Teman didn’t have to ask what the other was. It was a one-way trip to the dungeons and darkness, bare minimums on food, drink, and even air. And the near impossibility of escape. As a palace slave, he might well have a much better chance. He didn’t know if they were chained or locked up in any way, but he figured, one way or the other, there was a greater possibility of getting out. And, at the very least, it was likely to be better until he could try for freedom. He glanced over to see his best friend’s eyes fixed on the two collars on the floor. Jasim’s expression showed the confused jumble of thoughts that were undoubtedly mirrored on Teman’s own face.
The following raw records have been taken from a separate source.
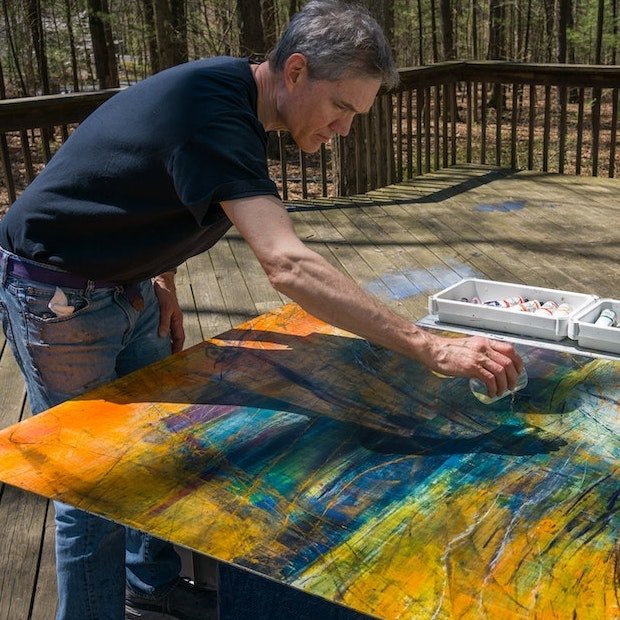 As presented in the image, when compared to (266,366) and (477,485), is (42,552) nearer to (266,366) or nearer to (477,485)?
(266,366)

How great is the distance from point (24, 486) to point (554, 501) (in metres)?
0.85

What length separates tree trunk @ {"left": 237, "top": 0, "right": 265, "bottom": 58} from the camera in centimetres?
1016

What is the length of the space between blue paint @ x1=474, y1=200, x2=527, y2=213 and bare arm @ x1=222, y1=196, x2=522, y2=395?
4412mm

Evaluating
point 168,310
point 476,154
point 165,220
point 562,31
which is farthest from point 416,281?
point 562,31

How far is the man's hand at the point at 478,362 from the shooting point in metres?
1.63

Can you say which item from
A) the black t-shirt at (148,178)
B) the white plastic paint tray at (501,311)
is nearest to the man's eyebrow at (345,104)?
the black t-shirt at (148,178)

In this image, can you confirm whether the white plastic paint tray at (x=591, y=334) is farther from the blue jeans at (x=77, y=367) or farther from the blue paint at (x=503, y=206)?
the blue paint at (x=503, y=206)

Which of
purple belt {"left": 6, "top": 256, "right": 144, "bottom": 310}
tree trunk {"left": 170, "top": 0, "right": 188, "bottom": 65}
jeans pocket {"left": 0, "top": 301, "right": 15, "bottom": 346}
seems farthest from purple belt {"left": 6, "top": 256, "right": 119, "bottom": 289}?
tree trunk {"left": 170, "top": 0, "right": 188, "bottom": 65}

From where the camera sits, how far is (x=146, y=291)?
80.7 inches

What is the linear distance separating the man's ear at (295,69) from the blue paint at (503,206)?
437cm

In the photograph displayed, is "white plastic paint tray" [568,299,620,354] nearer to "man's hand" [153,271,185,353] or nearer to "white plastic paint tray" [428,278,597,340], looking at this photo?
"white plastic paint tray" [428,278,597,340]

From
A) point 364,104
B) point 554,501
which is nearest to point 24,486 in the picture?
point 554,501

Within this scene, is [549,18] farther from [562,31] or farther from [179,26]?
[179,26]

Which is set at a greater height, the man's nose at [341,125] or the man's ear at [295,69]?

He wanted to ask what being a pleasure slave really entailed, wanted to ask a million questions that crowded into his head, but he held his tongue. He knew enough about the alternative that, in the end, he didn’t think it really was much of a choice. He wasn’t sure why he hesitated. It wasn’t like he’d never had sex before. He’d done plenty with both genders. He’d never been attached, so that wasn’t an issue either.
And, in the end, the one thing that meant the most—his freedom—wasn’t an option either way.
His best friend looked over at him and met his eyes. Jasim nodded, Teman gave one in return, and together, they knelt down and picked up their fate.